The Coast Community College District Board of Trustees succumbed

to intense pressure from the teachers’ union Wednesday night and

decided to pull a proposed 14% raise for seven top administrators

from its agenda.

Union President Tina Bruning raised concerns earlier in the week

that the raise was badly timed with the state’s budget crisis and

would violate the public trust after a $370-million facilities

improvement bond was passed last month.

The trustees agreed, unanimously voting to pull the raise from the

consent calendar, a list of items automatically approved as a whole

without public comment.

The board did approve a 5% raise for itself Wednesday over the

objection of Carol Burke, OCC’s president of the academic senate.

Trustee Walt Howald, in one of his last acts as president, said

the administrators’ raise should be removed because the trustees

didn’t have enough information on how their district would be

affected by the mid-year budget cuts. On Friday, Gov.
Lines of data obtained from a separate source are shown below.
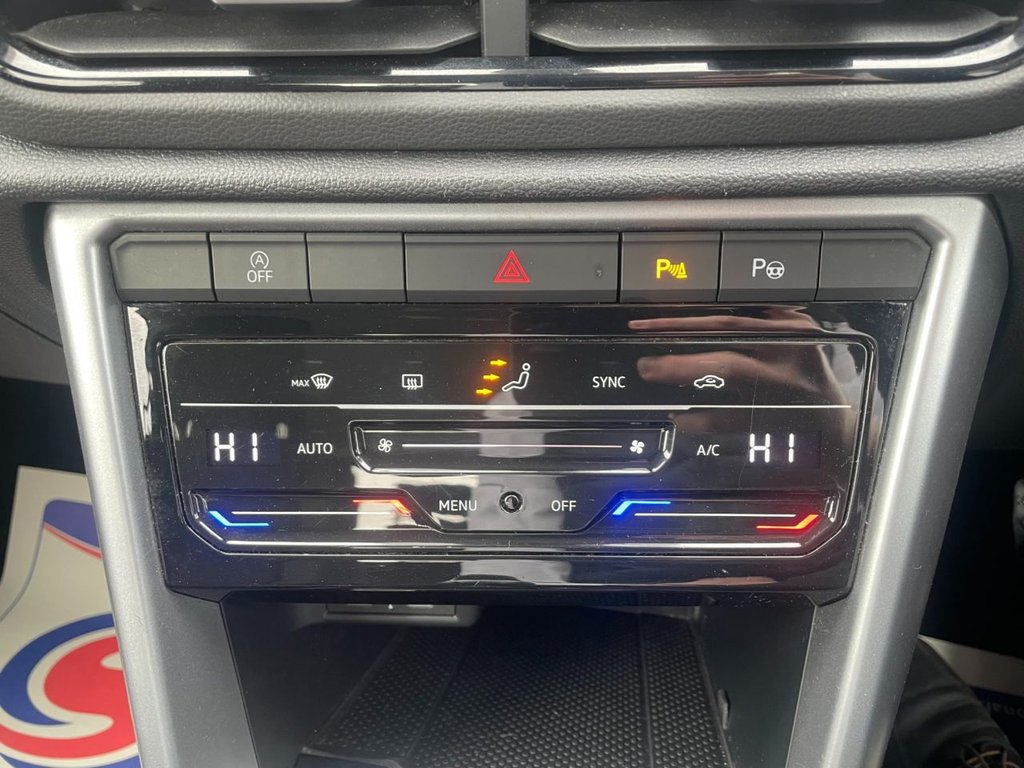 Used Volkswagen T-Roc 2023 for sale - 77991176: Photo 24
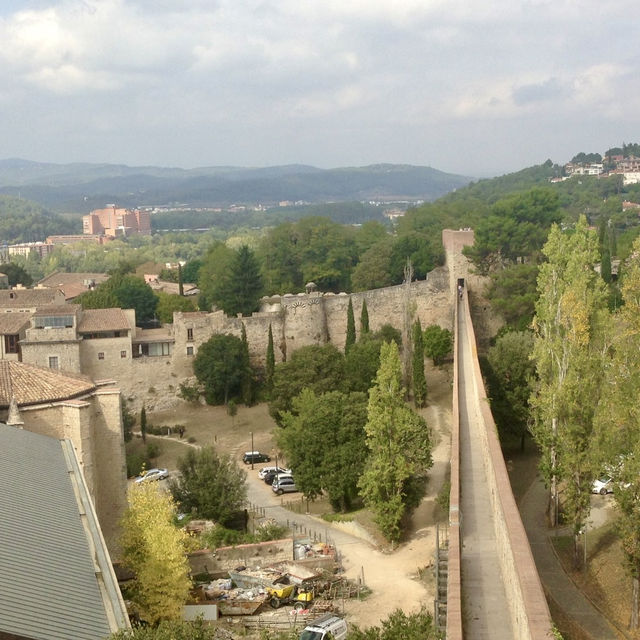 Magnificent Muralles de Girona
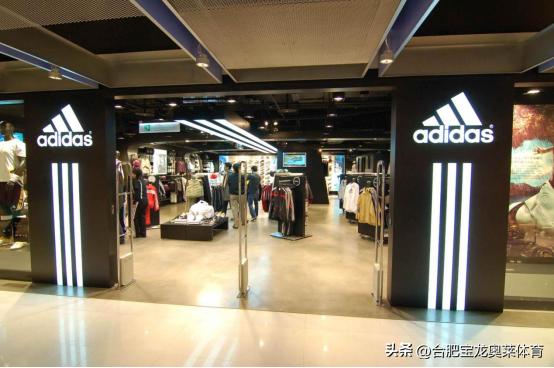 正品阿迪耐克微商貨源，耐克阿迪高仿服裝微商貨源怎么找？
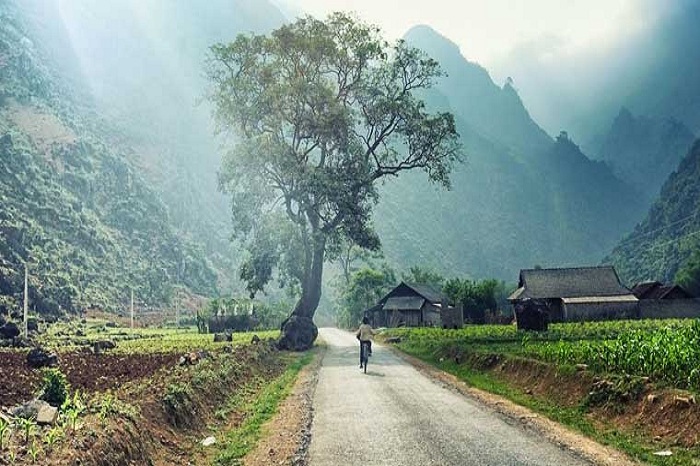 The old Dong Van district, a jewel in the middle of the karst plateaus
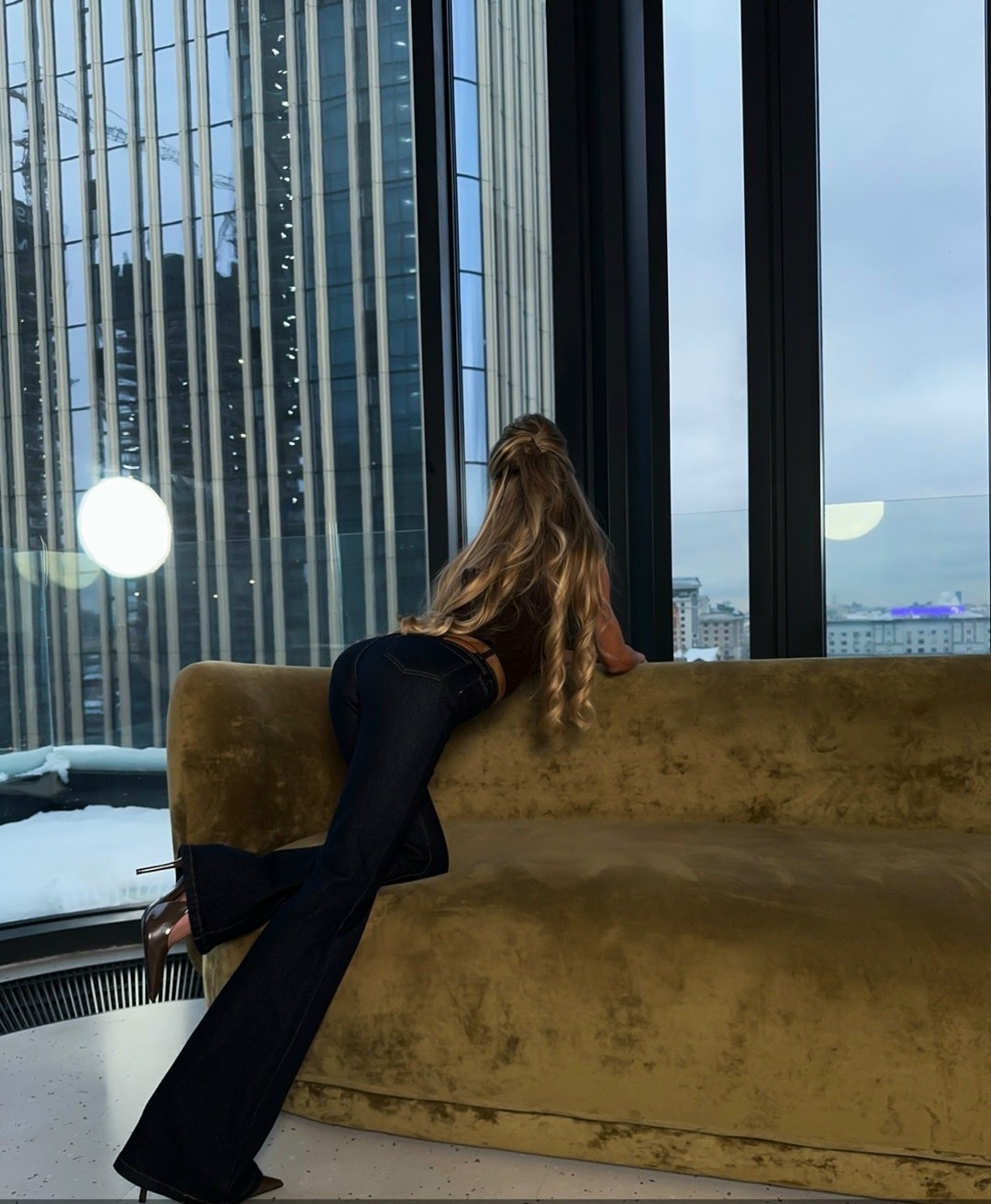 джинсы женские,джинсы женские клеш,джинсы клеш от колена,джинсы клёш,джинсы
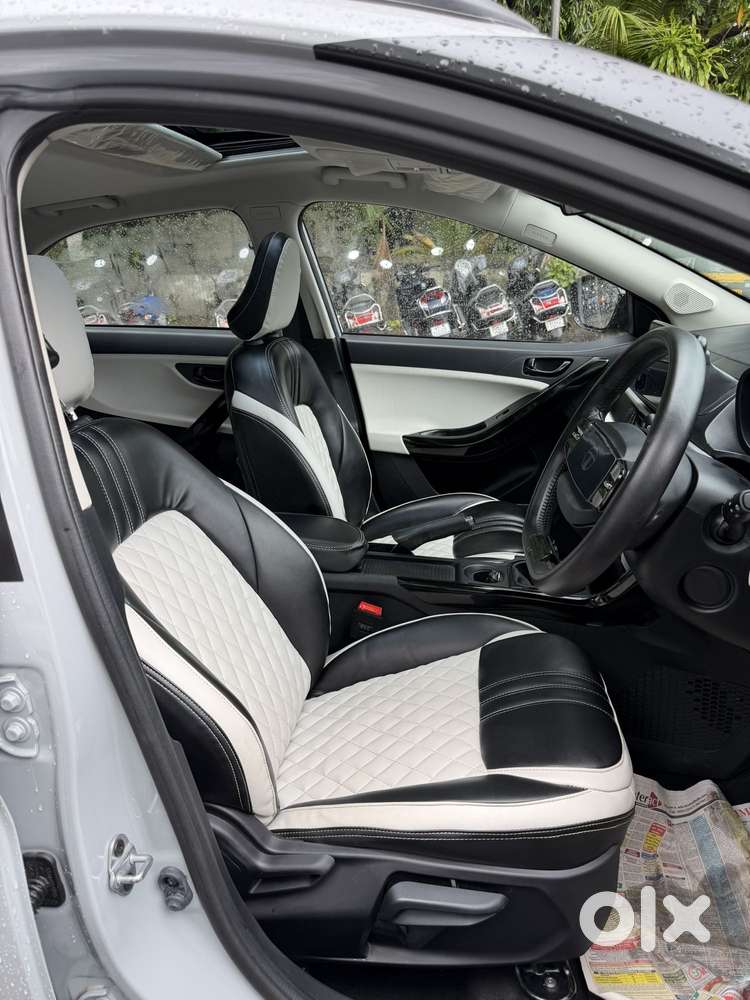 Tata Nexon, 2025, Cng & Hybrids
Gray Davis

proposed slashing $215 million statewide from the community college

system.

Bruning breathed a sigh of relief, but she wasn’t finished.

“It means in the short run, they’re not giving raises, but we have

to watch them like a hawk, so they don’t give raises [in the future]

at the expense of students and classes,” Bruning said.

The raises would have benefited the district’s three college

presidents, three vice chancellors and the president of KOCE-TV. The

proposal came after a 3% cost-of-living adjustment given to all

district employees earlier this year.

Vice chancellor John Renley, who with other administrators

proposed the increase, said the raises would be primarily necessary

to find high-caliber candidates for the college presidencies.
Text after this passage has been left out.